Where’s it on? Amazon Prime
Credit: BFI National Archive
This Bollywood classic is a welcome new arrival on Amazon Prime: Kamal Amrohi’s opulent romantic drama is an escapist treat for the senses. Set in turn-of-the-century Lucknow, Pakeezah stars legendary Hindi film star Meena Kumari in the dual role of the ‘nautch girl’ (courtly dancer), who is rejected by her lover’s family for her lowly status, and the daughter she dies giving birth to, who will tread her own rocky road to romance. The theme of tragic courtesans whose hopes are dashed within a strict patriarchal system recalls the Japanese period films of Kenji Mizoguchi, but Pakeezah is also a musical – and one staged on the most extraordinary palatial sets. It’s a film that seems to emit its own perfume, whisking us away to a tear-soaked world of love notes, steam trains and candlelit courtyards. The background is everything in this film: through endless Moorish arches and doorways, we glimpse a busy, gilded world.
In Transit (2015)
Where’s it on? intransitfilm.com
For one week only (as of 26 March), the final film by feted American documentarian Albert Maysles (Gimme Shelter, Grey Gardens) is streaming for free on the film’s website. Premiering at festivals in 2015, In Transit was never distributed and so has been difficult to see since, but has been made available “during this period of isolation and uncertainty … with the hope that it can serve as a reminder of how, ultimately, we’re all in this together”. This 75-minute wonder was the realisation of Maysles’ long-standing desire to make a film about the passengers onboard a long-distance train. It’s set entirely on the Empire Builder, the Amtrak service that runs between Chicago and Seattle through the Great Plains and the Rocky Mountains. The trip takes three days, bringing travellers into close proximity in the dining and observation cars, and Maysles’ film offers intimate snapshots of their lives: their pasts, their hopes, their sadnesses. It never rams the point home, but you come away with a profound sense that each of us is living our own story.
Glastonbury Fayre (1972)
Where’s it on? BFI Player
With Glastonbury cancelled this year, sadly the closest most of us will get to Pilton Farm is rewatching highlights of festivals past, and they don’t come any more weird and wonderful than this feature documentary of the second ever festival, back in 1971. Now added for subscribers to BFI Player, it’s an irreplaceable record of the year when David Bowie (heard on the soundtrack but sadly not seen here) played at dawn and the longhaired likes of Arthur Brown, Traffic, Fairport Convention and Gong performed to muddy crowds of blissed out flower children. Captured by none other than Nicolas Roeg, co-directing with Peter Neal in the gap between Roeg’s classics Walkabout (1971) and Don’t Look Now (1973), Glastonbury Fayre offers a ringside seat at scenes of almost primordial bacchanalia – recognisably the same and yet starkly different from the festival of modern times. These are days long before satnav, when one wide-eyed congregant claims to have arrived at the farm guided only by a vision.

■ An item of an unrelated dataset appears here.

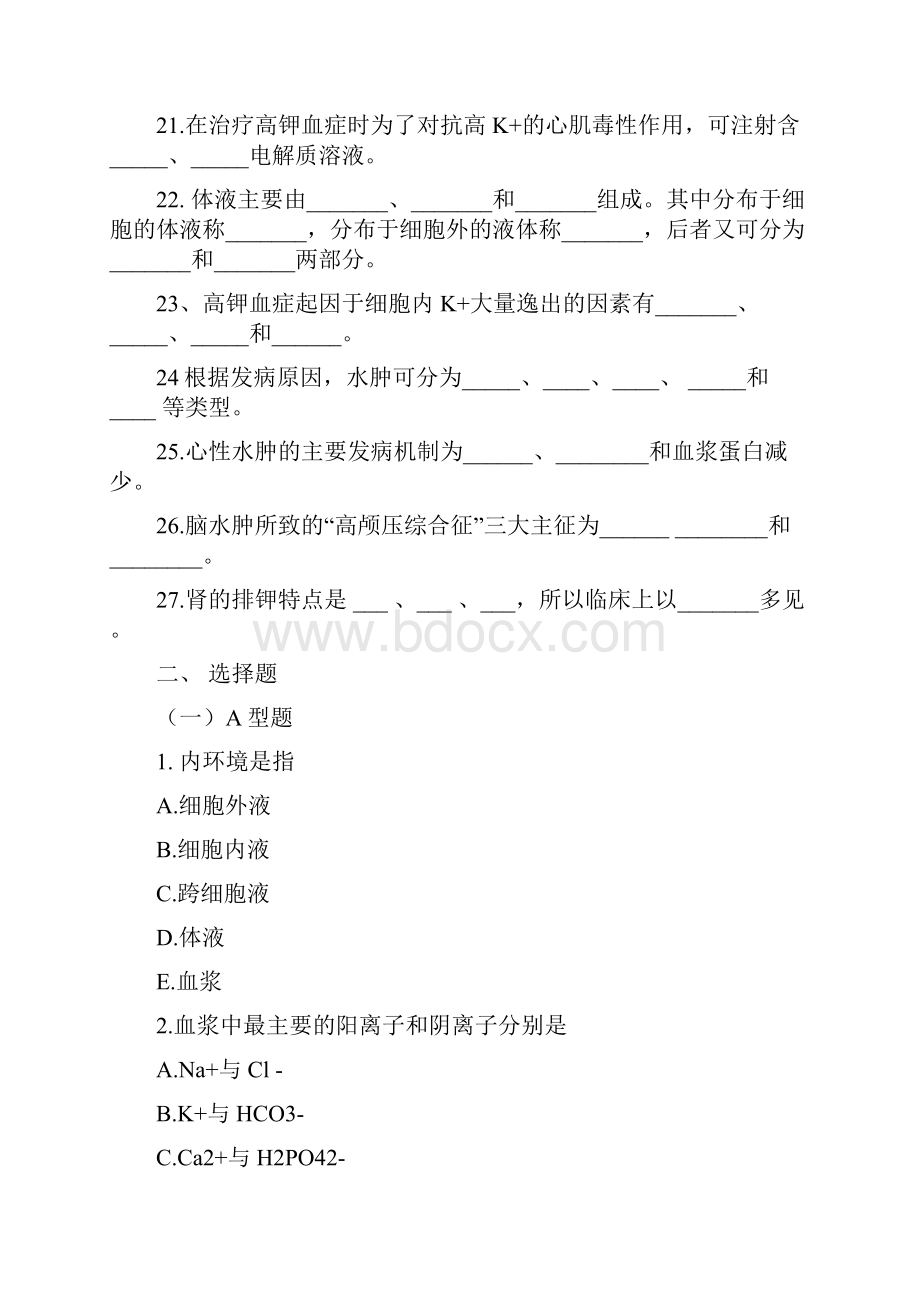 病理生理学题库及答案水电解质代谢紊乱.docx_第3页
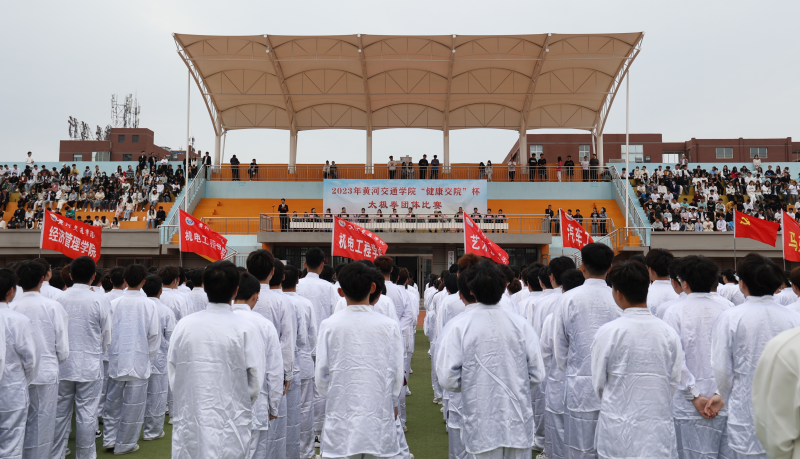 黄河交通学院成功举办2023年“健康交院”杯学生太极拳团体赛.png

Glasto aside, festival-lovers can also continue to experience BFI Fare at home on BFI Player this weekend. The latest additions include Ask Any Buddy, an impressionistic compilation of erotic gay film from the late 1960s to the 1980s; Disclosure, an odyssey through trans representation in film and TV history; and T11 Incomplete, Suzanne Guacci’s melodrama about the affair between an older woman and her patient.